**Records for this task**
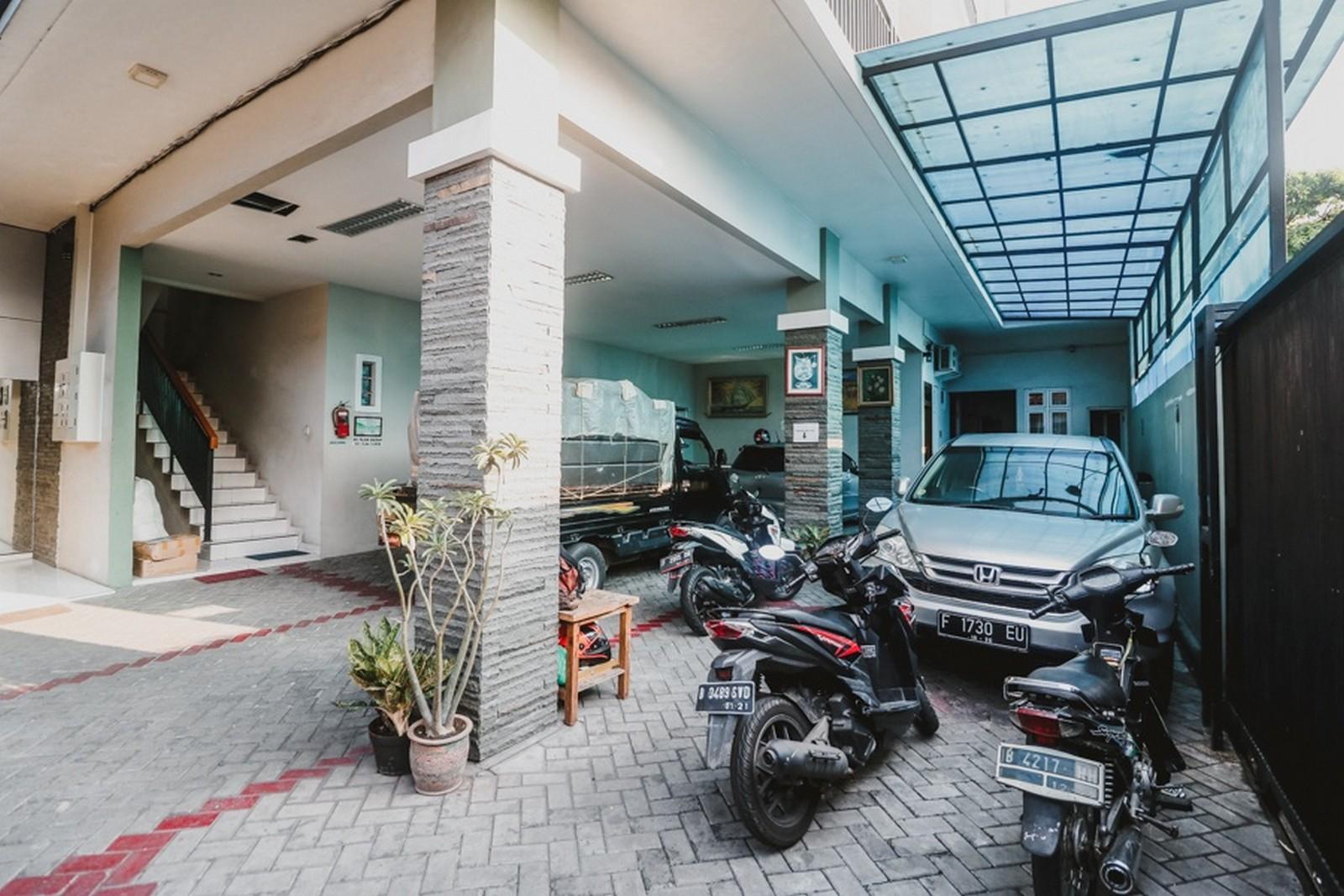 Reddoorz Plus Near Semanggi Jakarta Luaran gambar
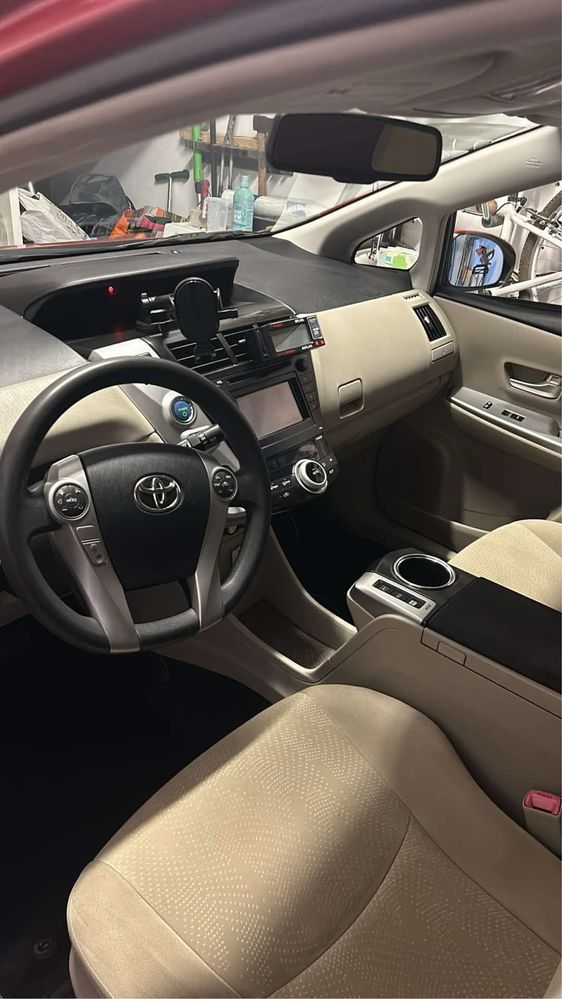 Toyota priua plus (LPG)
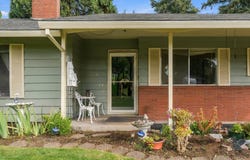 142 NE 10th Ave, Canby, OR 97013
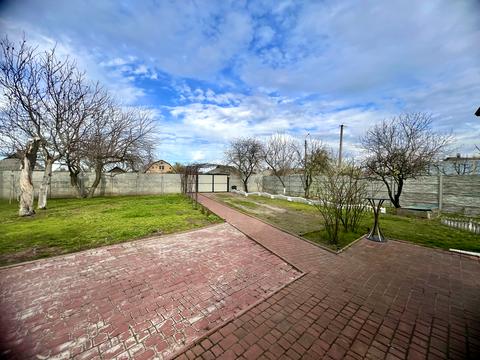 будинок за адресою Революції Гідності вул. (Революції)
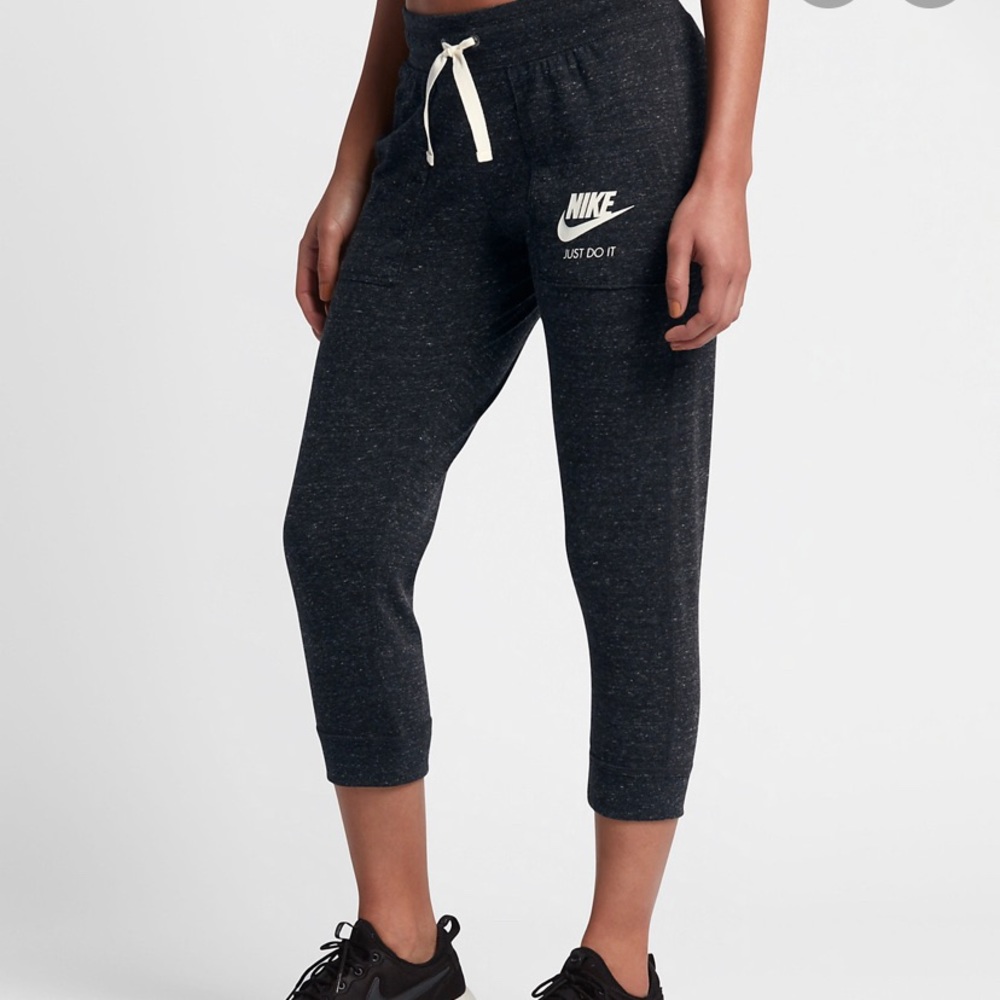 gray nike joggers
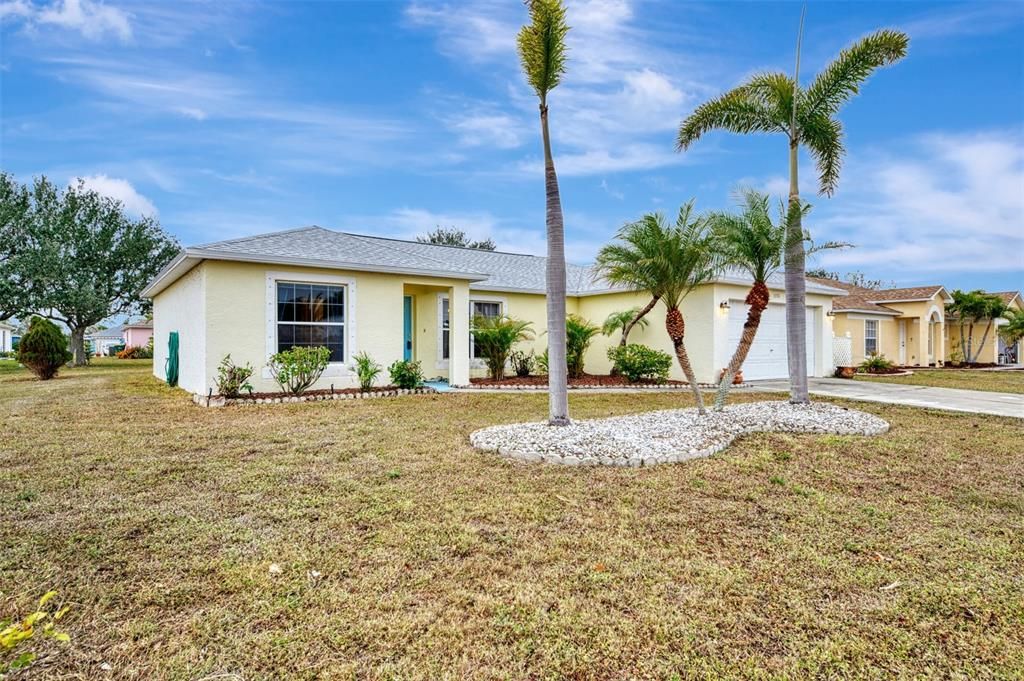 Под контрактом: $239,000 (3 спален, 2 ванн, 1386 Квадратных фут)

--

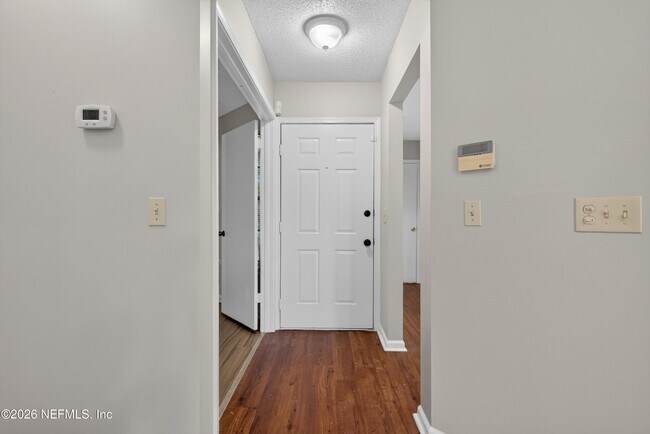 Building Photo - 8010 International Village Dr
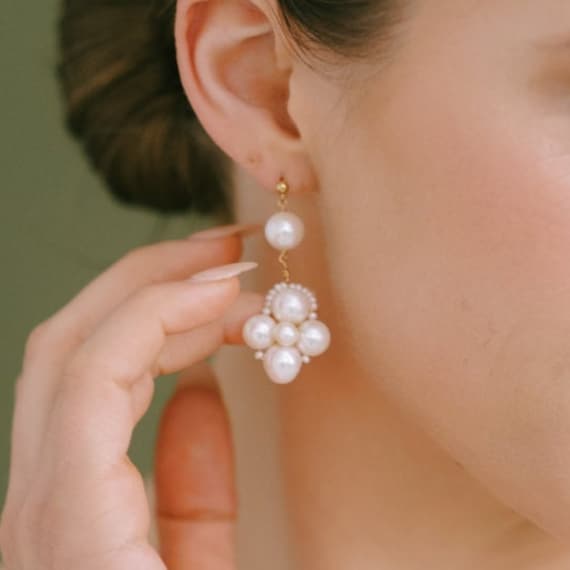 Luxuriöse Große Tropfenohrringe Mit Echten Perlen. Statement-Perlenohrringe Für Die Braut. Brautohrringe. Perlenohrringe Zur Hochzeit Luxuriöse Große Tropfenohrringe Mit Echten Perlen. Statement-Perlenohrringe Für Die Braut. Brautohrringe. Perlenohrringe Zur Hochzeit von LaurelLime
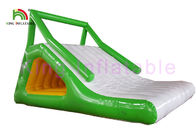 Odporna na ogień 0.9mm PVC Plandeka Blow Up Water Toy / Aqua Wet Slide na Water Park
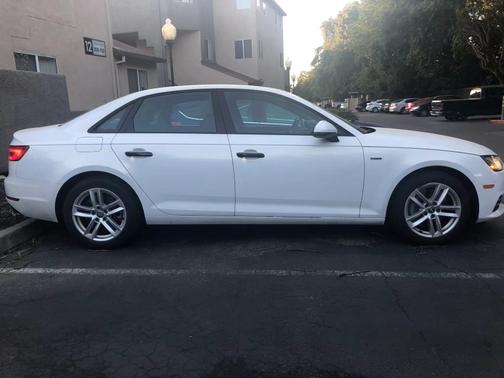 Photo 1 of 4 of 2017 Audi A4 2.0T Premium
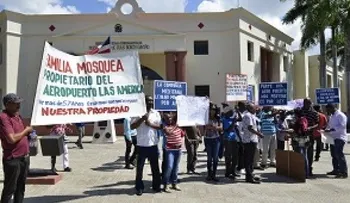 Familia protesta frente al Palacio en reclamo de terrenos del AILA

...

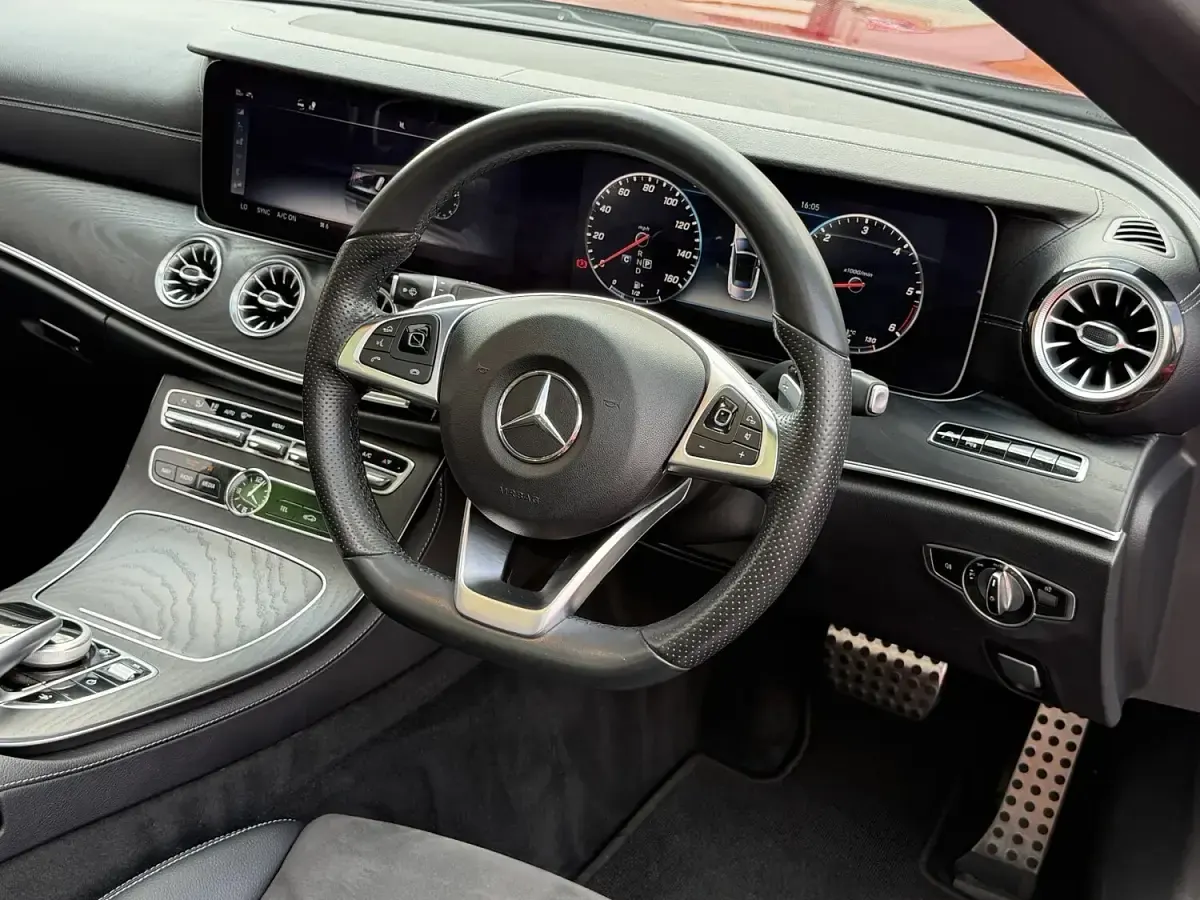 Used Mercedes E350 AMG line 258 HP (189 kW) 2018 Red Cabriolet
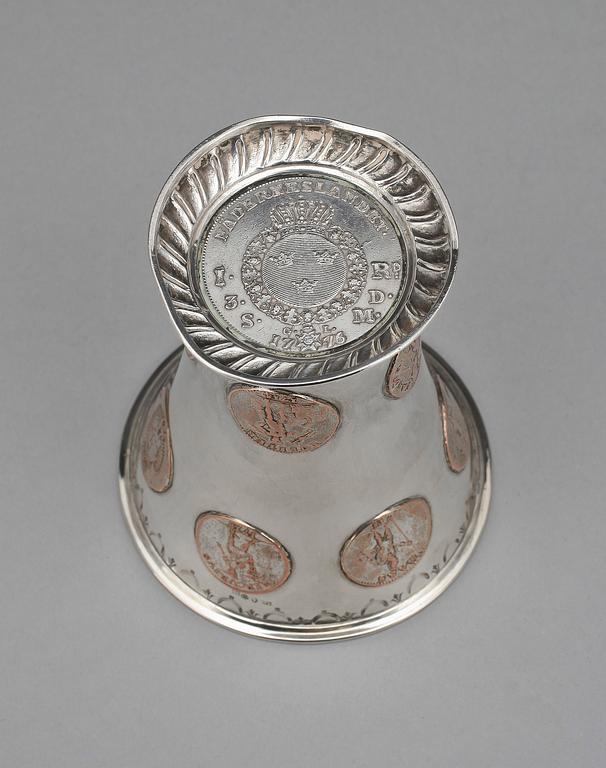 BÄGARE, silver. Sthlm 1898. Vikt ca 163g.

**What you should do**
Beginning at the line above that contains "Toyota priua plus (LPG)", repeat each line exactly through the one that contains "Под контрактом: $239,000", and leave out the pictures.

**Response box**
 Toyota priua plus (LPG)
 142 NE 10th Ave, Canby, OR 97013
 будинок за адресою Революції Гідності вул. (Революції)
 gray nike joggers
 Под контрактом: $239,000 (3 спален, 2 ванн, 1386 Квадратных фут)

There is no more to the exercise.